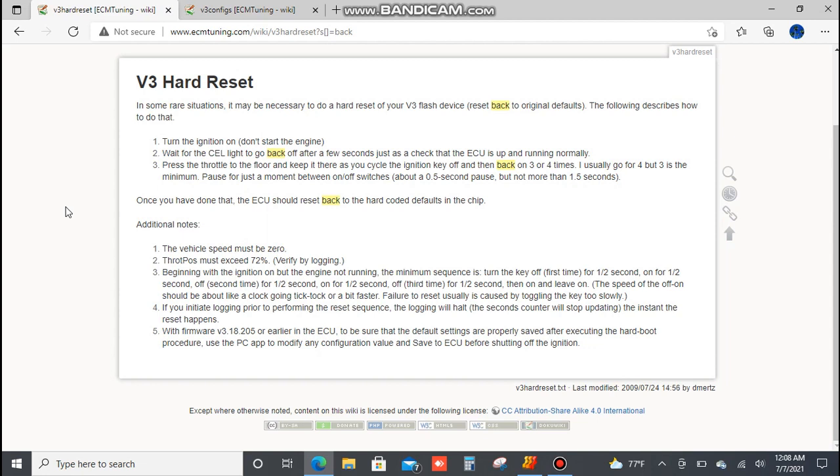All right everyone, in this video I'm discussing resetting ECM link back to stock settings like you'd be getting at your doorstep. I see this question a lot. I just saw a thread from some tuners today and thought I'd make a video so people don't have to search and try to figure out how to do it.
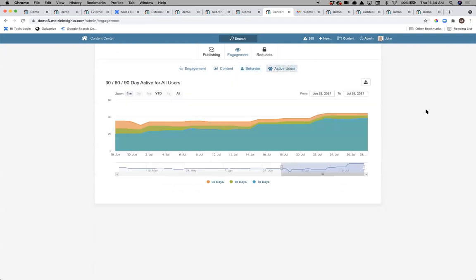Looking at 30, 60, 90-day usage of content overall, are we seeing positive trends where engagement is increasing because people are finding the things they really need? In summary, three things: first, a portal to get everything in one place so people can find and consume content; second, the necessary publishing workflows to get content out there with context in a governed way; and third, measure and understand what effect governance is having within the business.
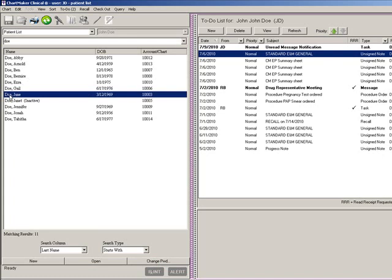Once the correct patient is located, they can be accessed by double-clicking the proper patient or by highlighting that patient and then clicking the Open button below.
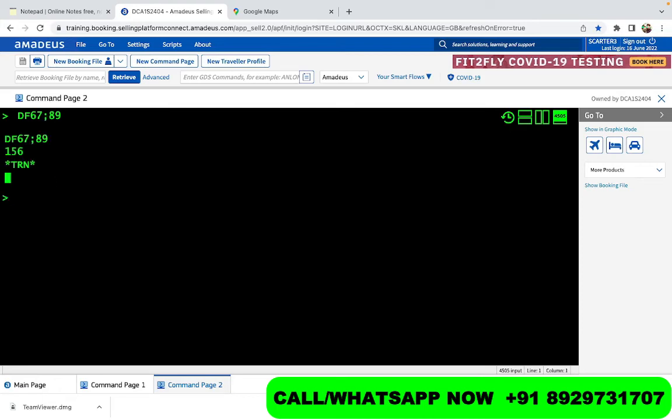So it did not understand the sign of plus, so it said it was an invalid format, but it accepted the semicolon sign. So for addition we use semicolon, for subtraction this is the sign, for multiplication this is the sign, and for division this is the sign. So this is how we can calculate things in Amadeus.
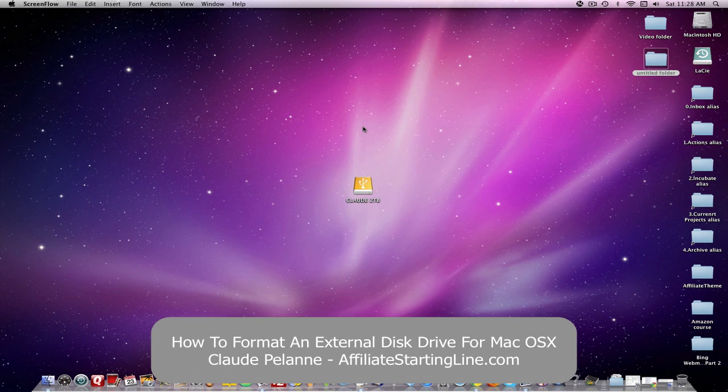Hi, Claude Pelanne here at Affiliate Starting Line. Welcome. This is going to be a short video on how to format an external disk drive when you get it out of the box.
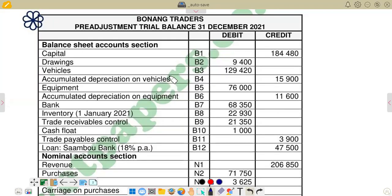Hello there. Welcome to Financial Accounting. In this video, we want to look at the calculation of depreciation. We are going to go through the balances that we are given in terms of the non-current assets or fixed assets in the list of balances.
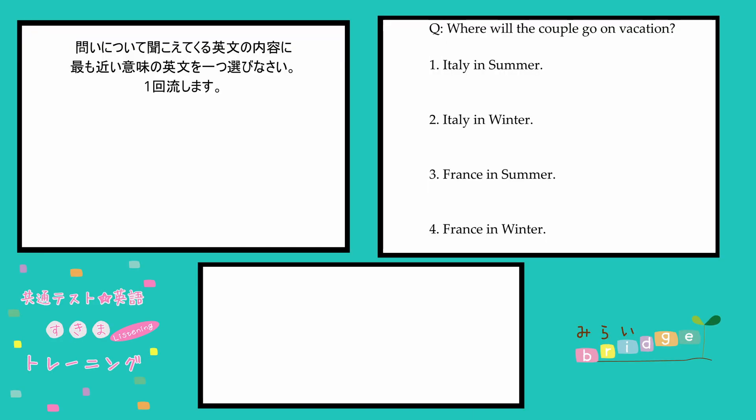When shall we go on vacation this year? We went on a winter skiing trip last year, so I would prefer a summer vacation this time. Sure. How about somewhere in Europe, like France? I think Italy might be a better option. Sounds good.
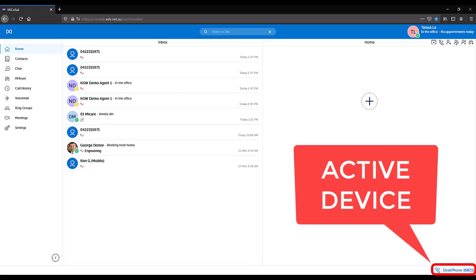Your active device determines what device is being used when you make a call out. Ensure you are set to the appropriate device, otherwise you will not be able to make a call.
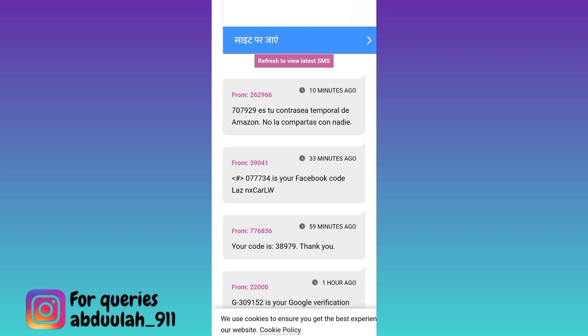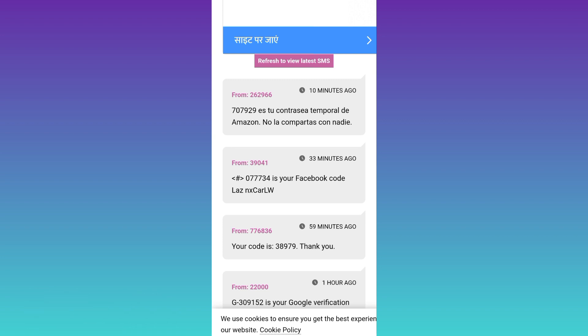And your fake Telegram account using a virtual phone number will be created. So that was it for this video and I'll see you guys in the next one. Peace out.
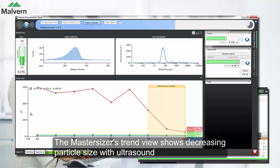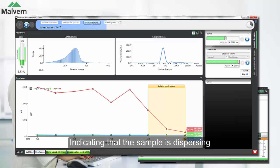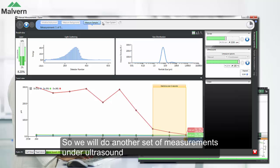In the MasterSizer software, the trend plot shows us that the particle size is decreasing with ultrasound, indicating the sample is dispersing. However, the sample is not fully dispersed, so we'll leave the ultrasound on and start another set of measurements on the MasterSizer.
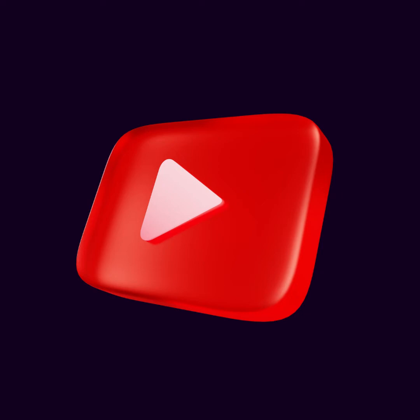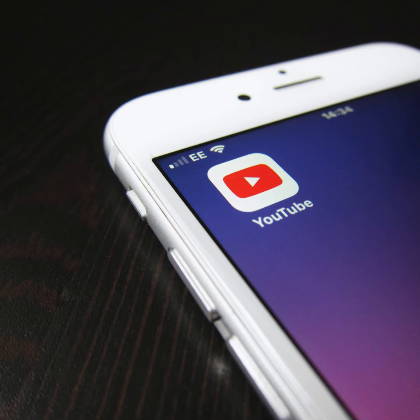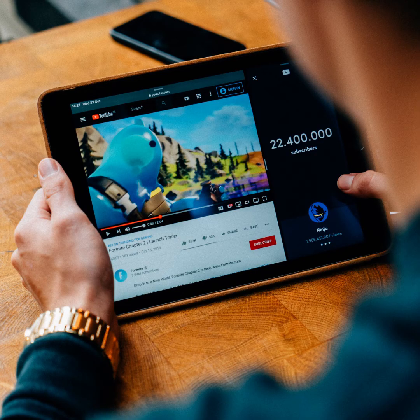YouTube is the easiest way to upload videos online and watch videos with almost every type of content. We can share videos of any content like facts, cooking, daily vlogging, or totally study material. There is no limitation on the size or content of the video, and also we can search for any type of video.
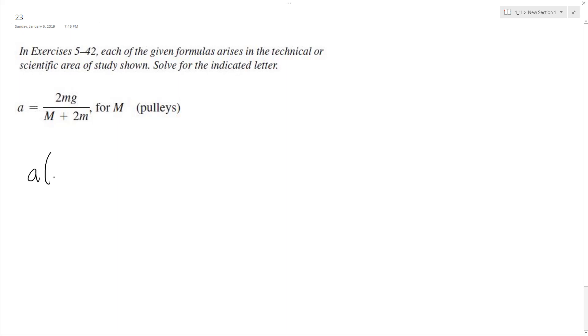So we end up with a times M plus 2m equals 2mg. Now what we can do is divide through by a. We don't need to distribute yet. I mean, we could.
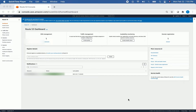Hello everyone. Welcome to another episode of Pyathlon. In today's video, I'll be showing you how you can register a custom domain name and then route that to your statically hosted website in Amazon S3. But before we do this,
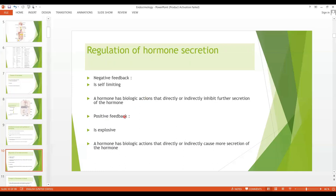What about positive feedback? Positive feedback is explosive — a hormone has an action that directly or indirectly causes more secretion of that hormone. A very famous example is the surge of luteinizing hormone (LH) that occurs as a result of estrogen acting on the anterior pituitary before ovulation. When LH is secreted, it acts on the ovaries to stimulate even more estrogen. First, estrogen causes the surge of LH by having a stimulatory effect on the anterior pituitary, causing LH release. When LH is secreted, it acts on the ovaries to cause more secretion of estrogen.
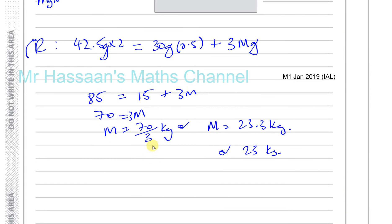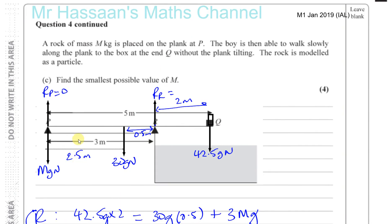For M to be its smallest possible value, the plank is on the point of tilting by the time the boy reaches Q, but it hasn't started tilting yet. So we found the value of M such that the reaction at P is 0. Taking moments about R was the sensible choice because it eliminates the unknown reaction at R, which would also involve M, making life a lot easier. That's the answer to part C and the end of this question.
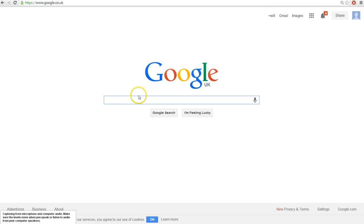Hey guys, I've got another Google Easter egg for you here today — not a Google Easter head, that would just be weird.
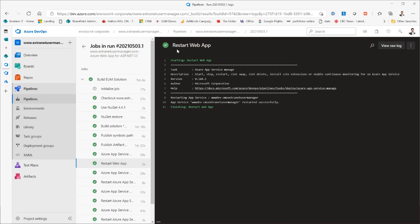That's really the process around the Extranet User Manager website. I use it as an example of a more traditional website project — built in Visual Studio, with C# code that has to go through a build process. We also do minifying of JavaScript and CSS for page load performance, and all that happens as part of this pipeline process.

### WHAT IS BEING ASKED
Write out exactly the lines above between the one with "So we end up" and the one with "Hello everyone. Welcome", inclusive, with pictures left out.

### EXERCISE ANSWER
So we end up with a times M plus 2m equals 2mg. Now what we can do is divide through by a. We don't need to distribute yet. I mean, we could.
Hello everyone. Welcome to another episode of Pyathlon. In today's video, I'll be showing you how you can register a custom domain name and then route that to your statically hosted website in Amazon S3. But before we do this,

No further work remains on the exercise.